Patriotism or Performance?

The replies I received were… fascinating. Like:
“You let politics consume your life so bad…”
No, my dude. I let tennis commentary consume 4 seconds of my life. You let my comment consume your soul.
“He’s going to get attention, he’s the president.”
Not my president. Not even my prime minister.
“If you hate the president, just wait four years…”
Again: Canadian. Still waiting for y’all to realize we get Wi-Fi here too.
Amidst the Noise, Solidarity
Thankfully, it wasn’t all digital dumpster fire. Among the chaos, a few users were nice enough to post some decent comments:
“Yes let’s focus on the finals ❤️”
“Found the ped.”
“You’re not wrong.”
“Why are you presuming politics affected my life?”
“If politics doesn’t affect your life, you’re willfully unaware.”
Shoutout to the real ones.
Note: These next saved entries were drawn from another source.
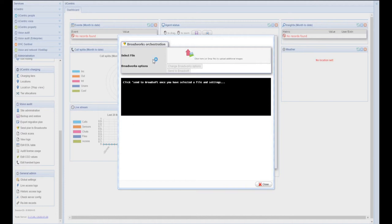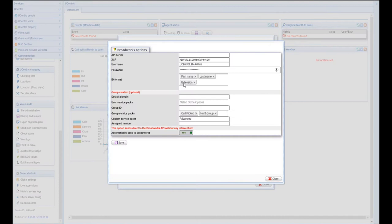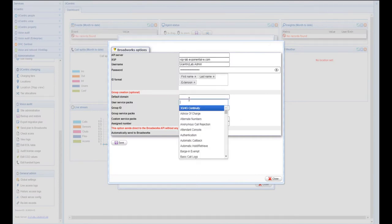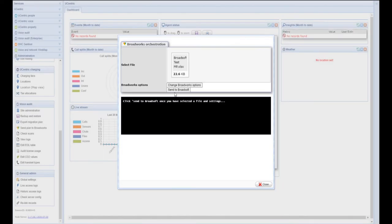To orchestrate an audit into BroadSoft, we select a previously exported U-centric audit that has been reviewed with the customer. You can set the required group options and begin the orchestration process.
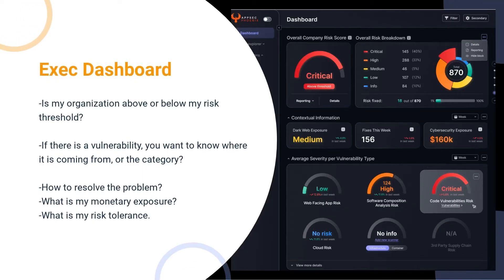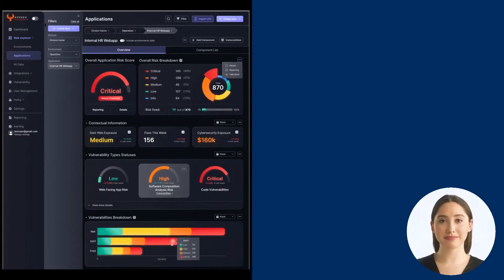As an executive, common questions that you might wonder are: 1. Is my organization above or below my risk threshold? 2. If there is a vulnerability, where is it coming from, or what is the category? 3. How to resolve the problem? 4. What is my monetary exposure? 5. What is my risk tolerance? The dashboard will provide an easy way to access that information.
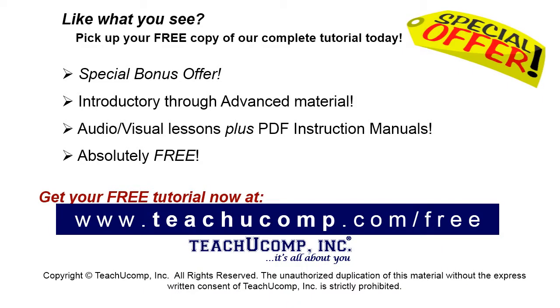Like what you see? Pick up your free copy of the complete tutorial at www.teachyoucomp.com forward slash free.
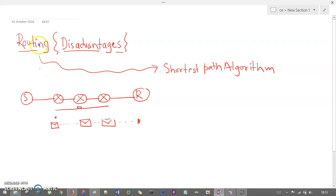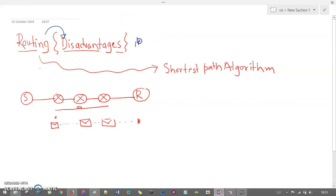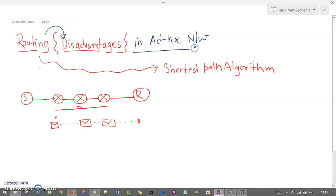In this session, let's understand what routing means and what are the disadvantages of routing. This is an exam-oriented question — it is a theoretical question that exists in the question paper: what are the disadvantages of routing in an ad hoc network? Let's understand routing in a summarized way.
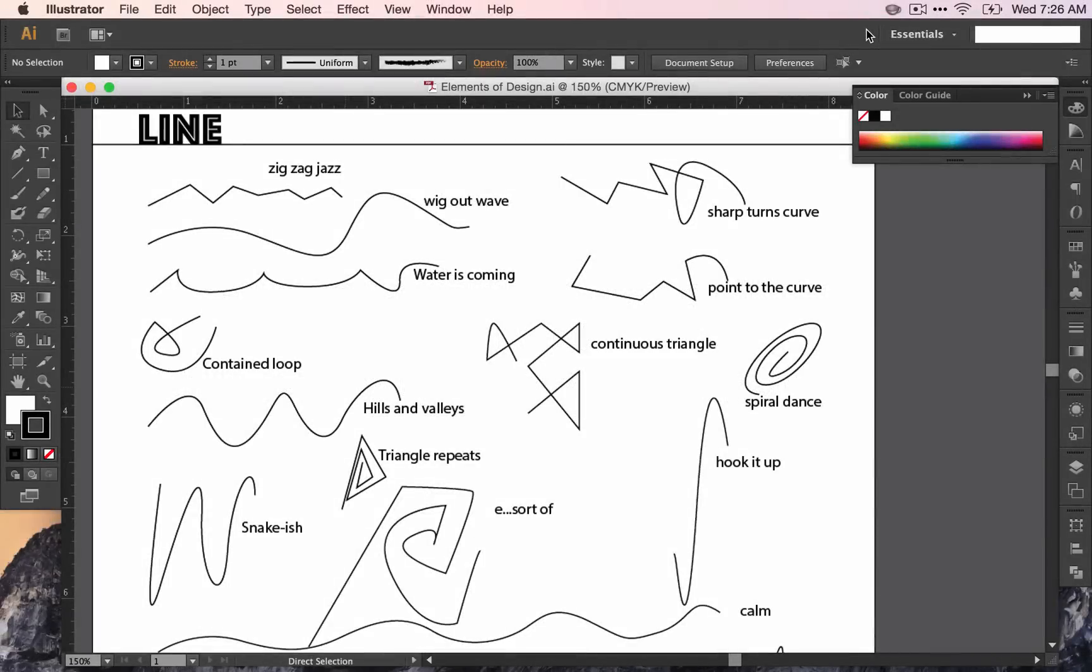To start out today, we're going to talk about how to set up another artboard for your next page. Our next page is going to be titled Shape.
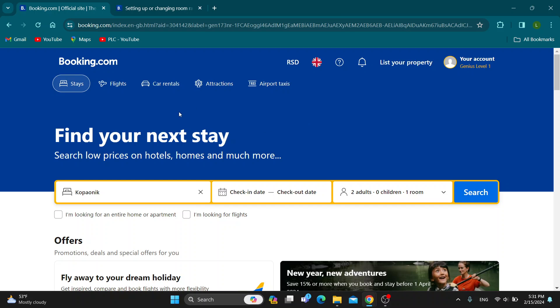The first thing you want to do is open up the official Booking.com website if you haven't already, and after opening up the website you'll be greeted by this main page where you want to log into your account.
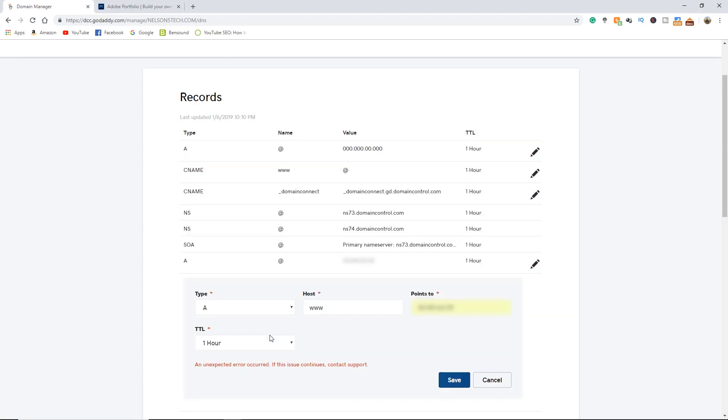Now there's an unexpected error on this because I've already done this. But the problem is that by default there is already an A value and a CNAME value. We're going to need to delete these in order for ours to stick.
The ones who know a tennis post doesn’t need to become a tribal war zone. The ones who understand that critique ≠ cancellation.
Final Thoughts from the North Side of the Hemisphere
I didn’t think one sentence would snowball into being called a cockroach, a tampon-needer, and a sad human in less than 48 hours.
But here we are.
So, what have we learned?
- The comment section isn’t dead. It’s just running a 24/7 improv show called “Freedom Fries & Feelings.”
- You can love your country without frothing at the mouth over a Canadian’s opinion.
- And sometimes, the last picture is unnecessary.
Let’s all go touch grass. It’s beautiful outside.